Les Pouilles #1 parco del Gargano

parco del gargano

Que fait un assistant de langue a qui on donne une semaine de vacances pour Pâques ? Il prend ses cliques, ses claques, et il part dans les Pouilles bien sûr !

Une petite et vaillante Dacia, cinq jeunes gens fringants, cinq jours et un objectif : parcourir les Pouilles, le talon de la botte italienne !

Première étape, le parc naturel du Gargano : vous voyez cette petite protubérance qui forme une sorte d’éperon ? C’est là !

Après avoir pas mal galéré à nous orienter à travers la Campanie (faut-il rappeler les 10 commandements de la conduite en Italie ?), nous arrivons enfin dans le Gargano. Le soleil brille, nous traversons des forêts d’oliviers, on fonce à la plage ! Peu après avoir dépassé Mattinata, on trouve un petit sentier qui serpente vers la mer. En avril les campings sont fermés, la zone est un peu morte, des chiens coursent la voiture, mais on finit par arriver à une plage publique où quelques pêcheurs sont au travail.

 

 

L’eau est glaciale, pourtant la mer m’appelle : impossible de résister, je me jette dans une flotte à 13°. Je suis un vikiiiiiing ! Tout le monde se baigne pendant environ 3 minutes et on pique nique en séchant au soleil.

Tente avec vue

 

Cette nuit, nous dormons sous la tente ! Comme les campings sont fermés hors saison, nous avons décidé de braver un interdit et de faire du camping sauvage. Bien entendu, nous sommes hyper respectueux du champ d’olivier à flanc de montagne qui a la gentillesse de nous accueillir : aucun papier, aucune poubelle, rien que nos tentes posées le temps d’une nuit et démontées au matin.
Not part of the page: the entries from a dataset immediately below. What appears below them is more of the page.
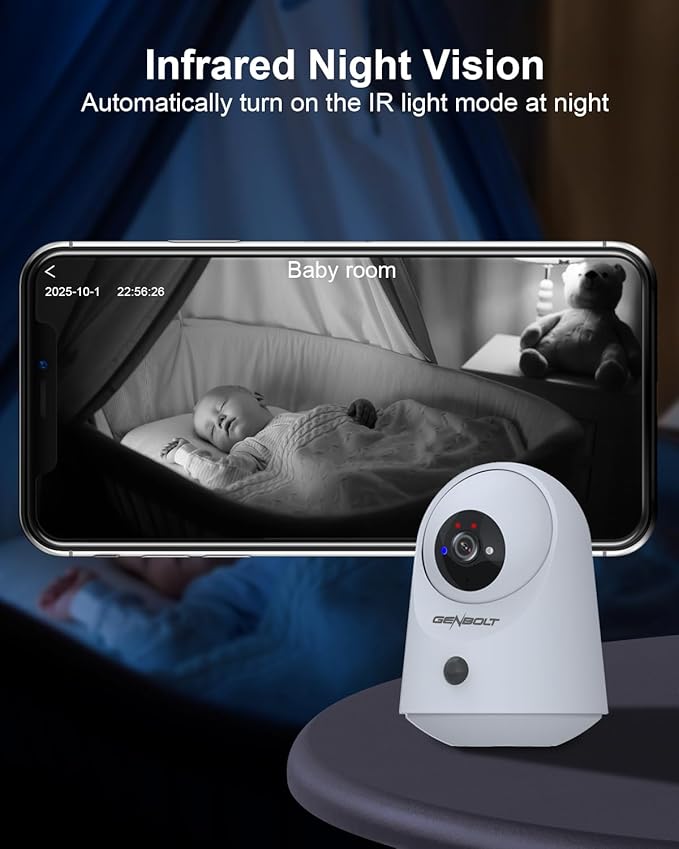 GENBOLT 2K WiFi Indoor House Security Camera Wireless, Pan Tilt Pet Camera with 5000mAh Battery Powered, IP Camera CCTV Nanny Dog Cam Baby Monitor with PIR Detection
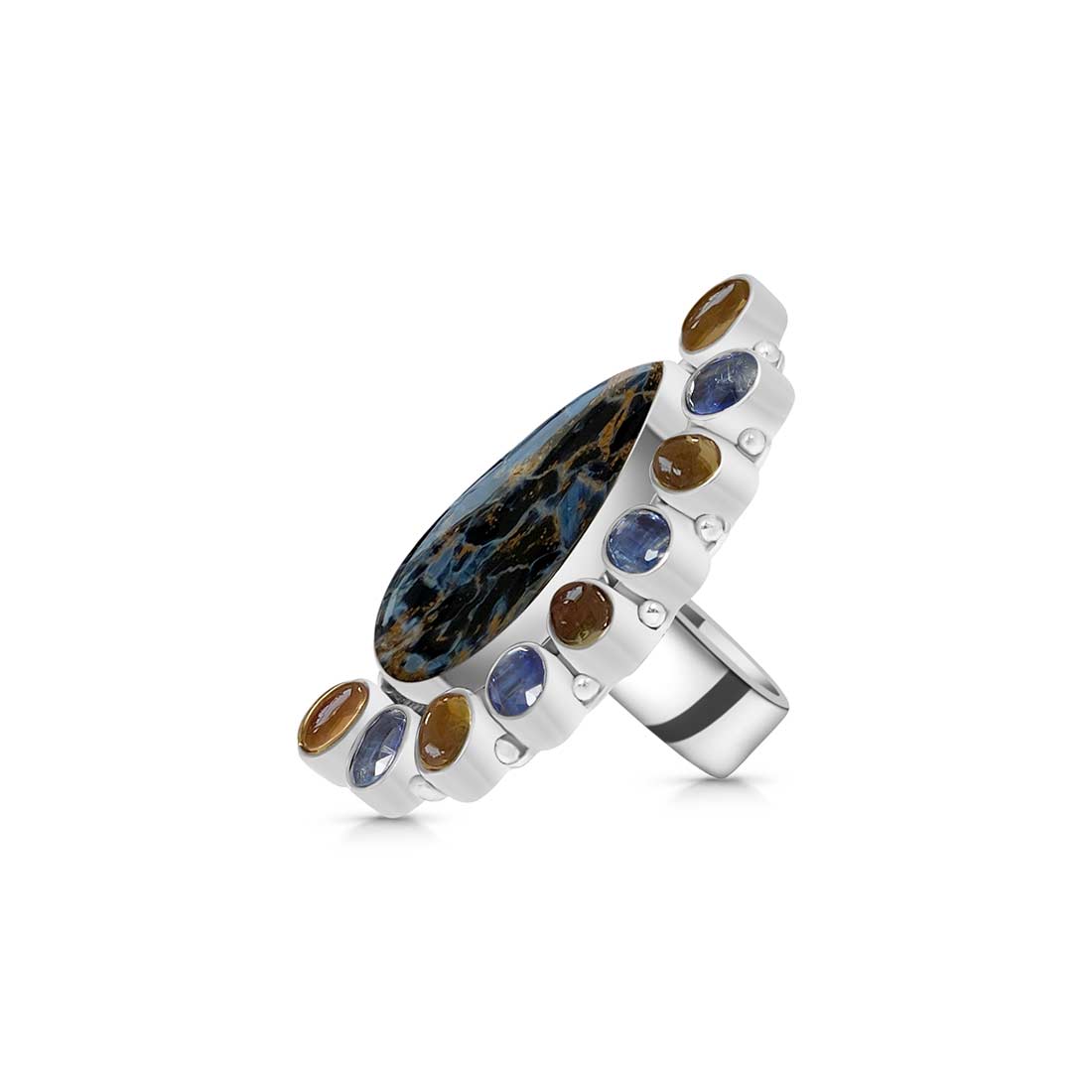 Pietersite, Kyanite And Cirtine Adjustable Ring-(PIT-CLS-2.)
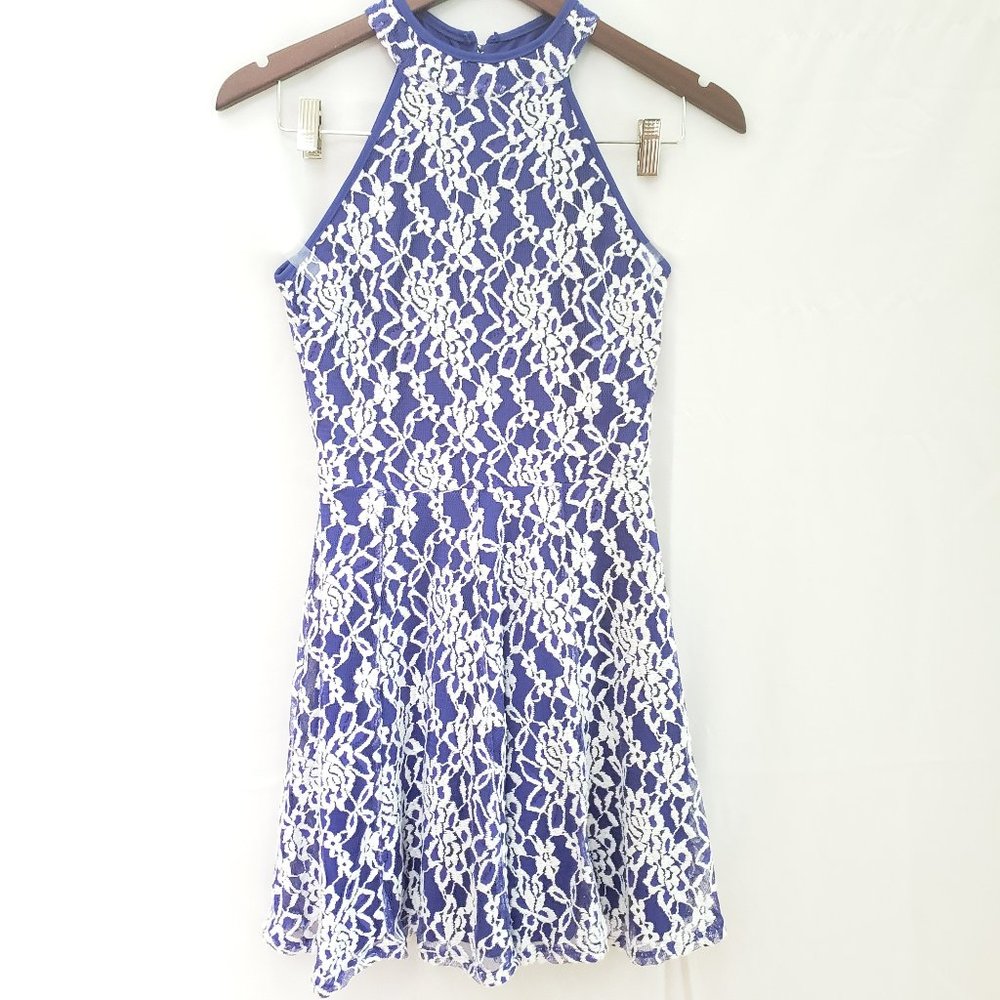Emerald Sundae -Dress High Neck Blue -Wht Lace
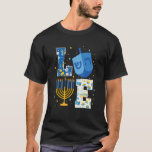 LOVE Cute Hanukkah Decorations Dreidel Menorah Cha T-shirt<br><div class="desc">LOVE Cute Hanukkah Decorations Dreidel Menorah Chanukah.</div>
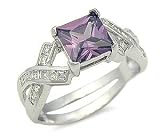 Created Amethyst and Diamond Cubic Zirconia Ring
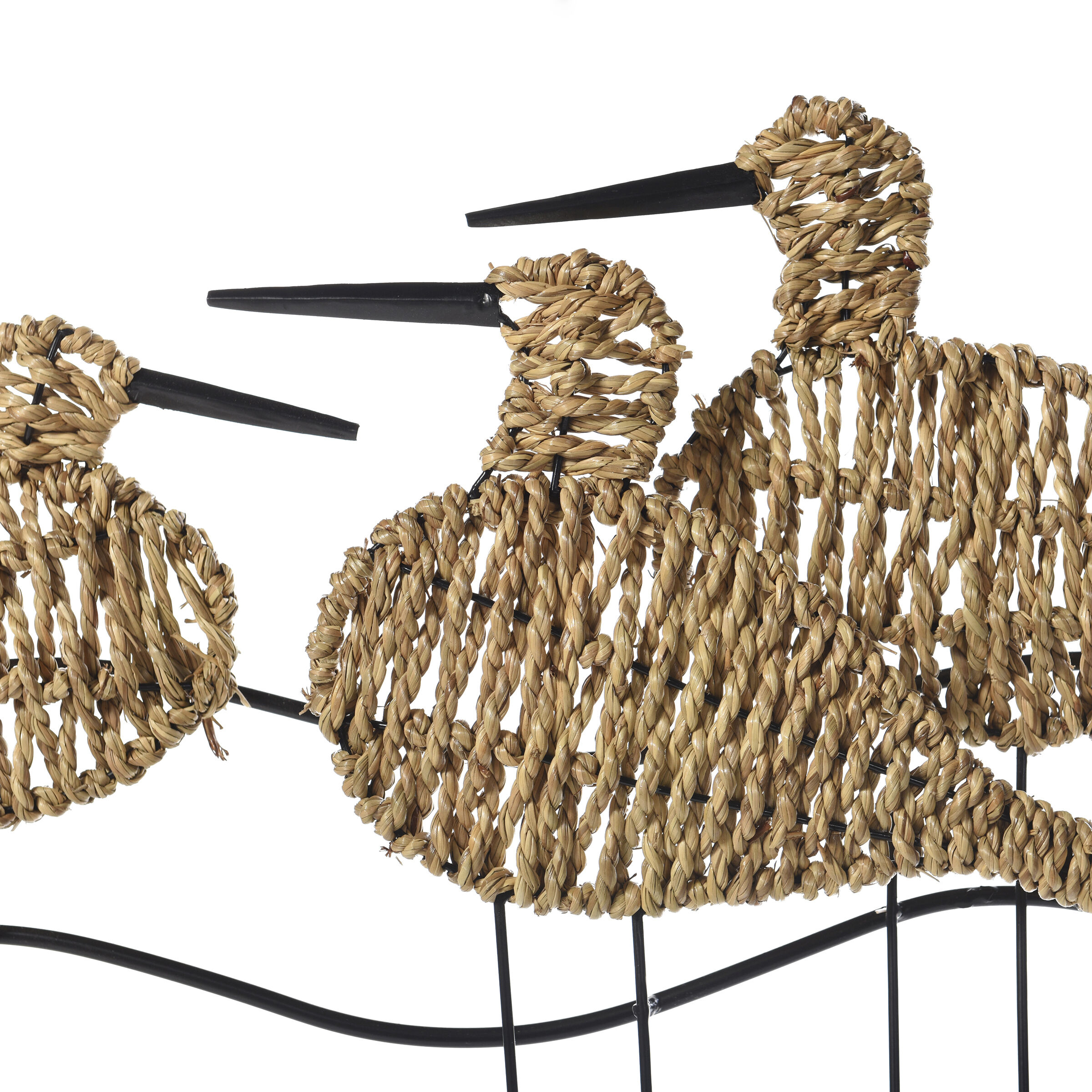 Cameron Natural Woven Seagrass and Silver Metal Wall Art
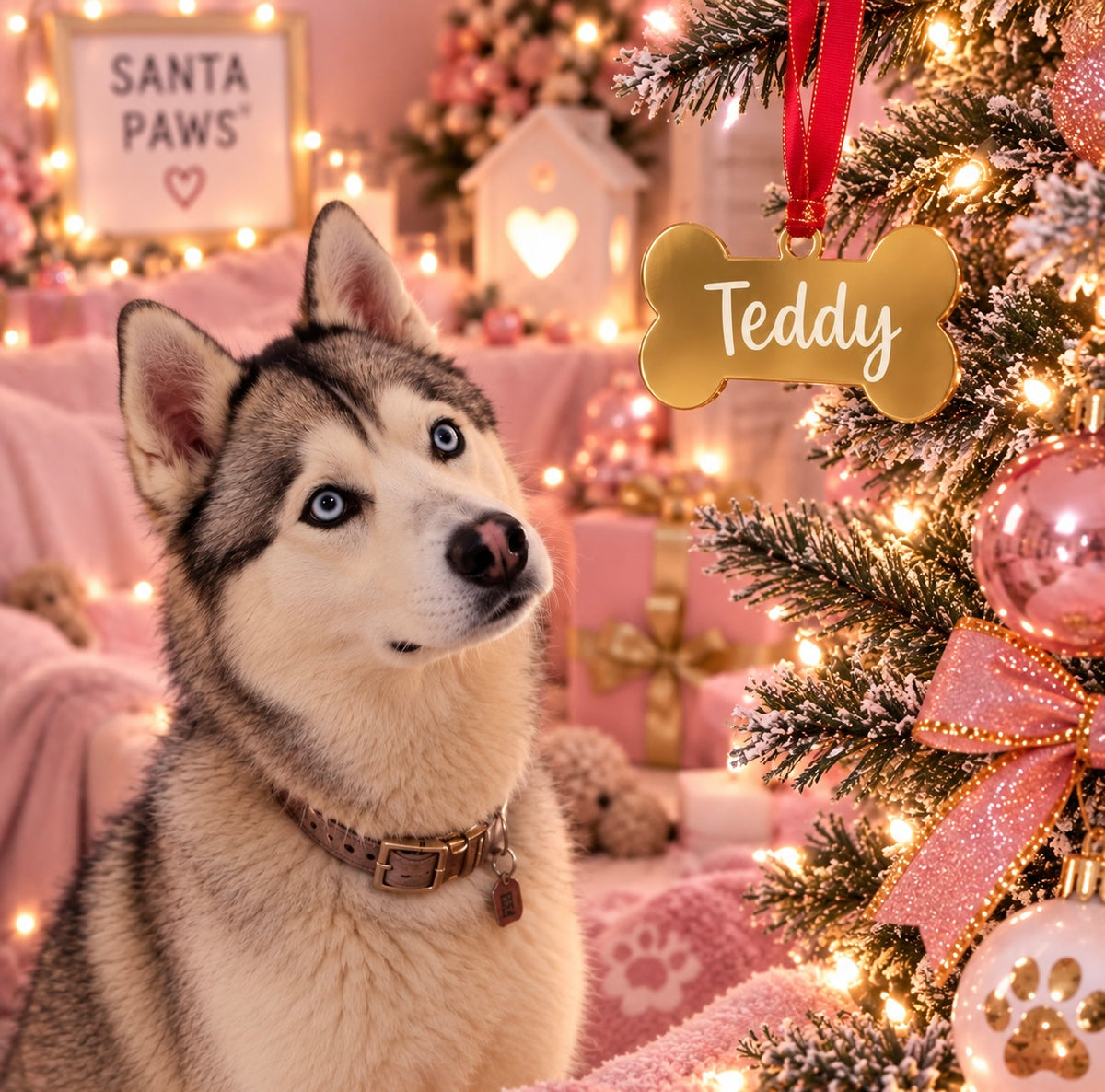 A Siberian husky dog wearing a brown buckle collar sits beside a decorated Christmas tree with a gold bone-shaped ornament hanging from it. The background is a cozy pink holiday setting with lights, gifts, and a sign that reads 'Santa Paws'.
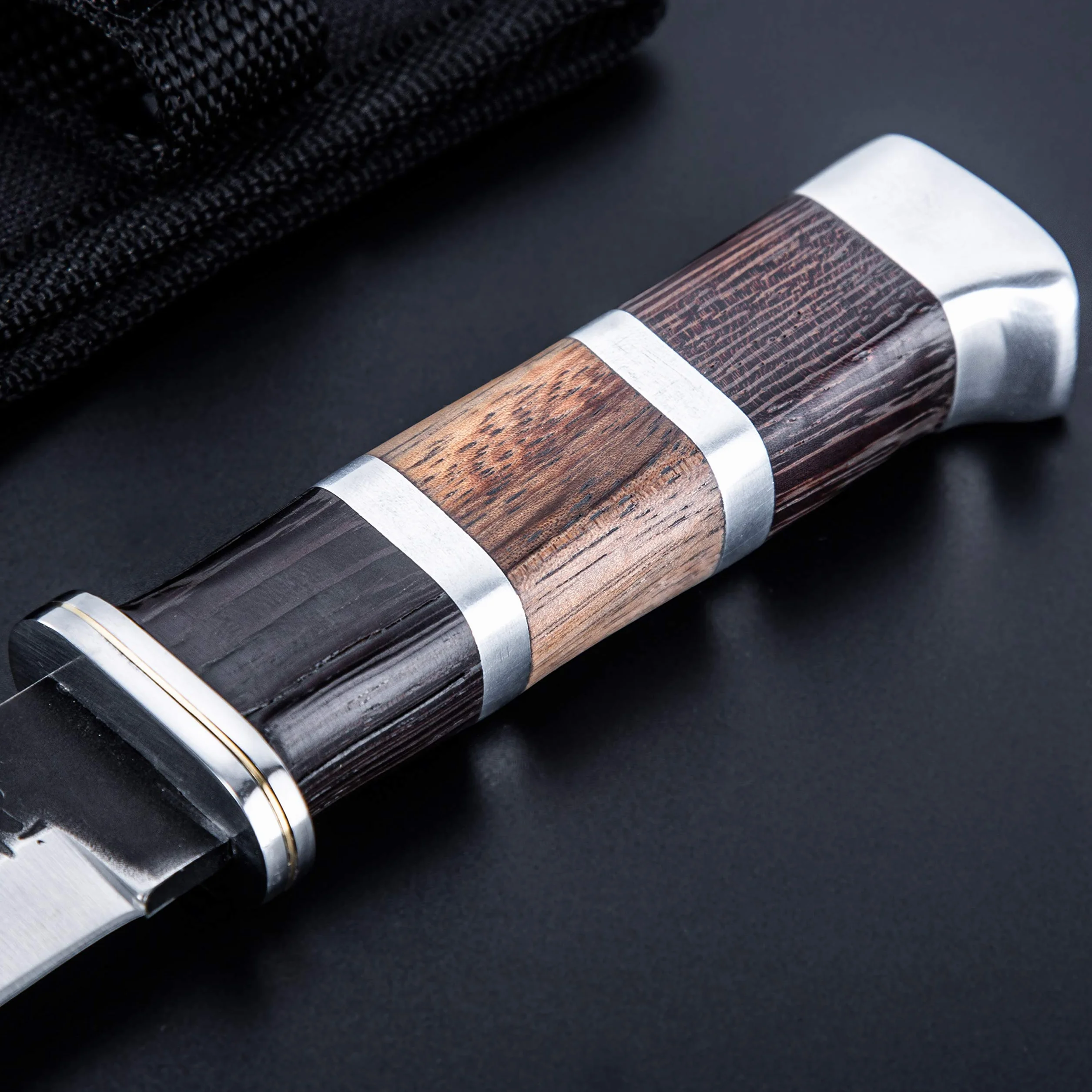 Hobby Hut HH-353 Cuchillo de caza con vaina hoja fija marrón
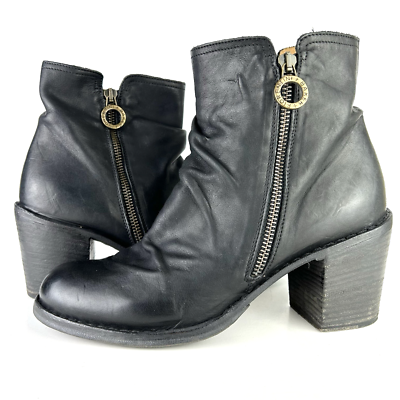 Fiorentini Baker Lan Black Leather Double Zip Heeled Ankle Boots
La vue sur la mer et le soleil couchant est incroyable, et son coût terrible : transie de froid, j’ai l’impression d’attendre le matin plutôt que de dormir réellement.

Vieste lave plus blanc

Le lendemain, après une séance d’étirement et de yoga face à la mer, on lève le camp et on repart pour Vieste, un splendide village tout blanc sur la côte.
Le long de la route litoranea, la mer déchaînée s’écrase sur les roches multicolores des plages et des falaises. Le panorama est spectaculaire, on ne regrette pas un instant le soleil d’hier.

 

Arrivés dans la petite ville, on se gare près du port sur un parking gratuit un peu excentré mais qui nous permet de tomber par hasard sur un marché où l’on s’approvisionne en caciocavallo, un fromage salé typique des Pouilles.
La petite ville est déserte, les maisons blanches ont fermé leurs volets. Nous déambulons dans les ruelles : tous les 100 mètres, on tombe sur une mer qui se colore d’un milliers de nuances de bleu, aidée par le ciel qui projette l’ombre des nuages sur l’immensité de l’horizon. Ouais, c’est poétique.
Accrochés à la roche, de drôles de bestioles faites de bois et de fil : les trabucco, une technique de pêche ancestrale pour attraper les poissons même au pied des falaises inaccessibles.

 

 

 

 

 

 

Avant de reprendre la route, nous mangeons un bon plat d’orecchiette, les pâtes des pouilles (on en reparle plus en détail très bientôt). Prochaine étape : Bari !
A suivre sur le blog : Bari et la rue des orecchiette, la vallée des Trullis, drôles de maisons en forme de sein, Lecce la magnifique, une virée dans le Salento à Torre dell’Orso et à la grotte de la poesia.

Infos pratiques sur le Gargano :

Se déplacer :
Nous étions en voiture, parfait hors saison. Personne sur la route, facile de trouver des places de parking gratuites (bon il faut chercher un peu bien sûr).  
A savoir : le Gargano est peuplé de nombreux animaux sauvages, il est tout à fait possible de se retrouver nez-à-nez avec une famille entière de cochons, ou encore, au détour d’un virage, avec un énorme taureau ! Magique mais aussi un peu dangereux !
Le train permet également de se déplacer entre les différents petits villages du parc.

Se renseigner :
De nombreux sentiers s’offrent au randonneur, encore faut-il les trouver ! Gargano Experience, dont l’office se trouve à Manfredonia, propose des itinéraires ou encore des excursions avec guide. Malheureusement, nous n’avons pas eu le temps de randonner, j’espère revenir passer au moins une semaine dans la région pour mieux la découvrir.
A Vieste, un point d’info sur le port (très bien indiqué) vous fournira cartes et autres documents.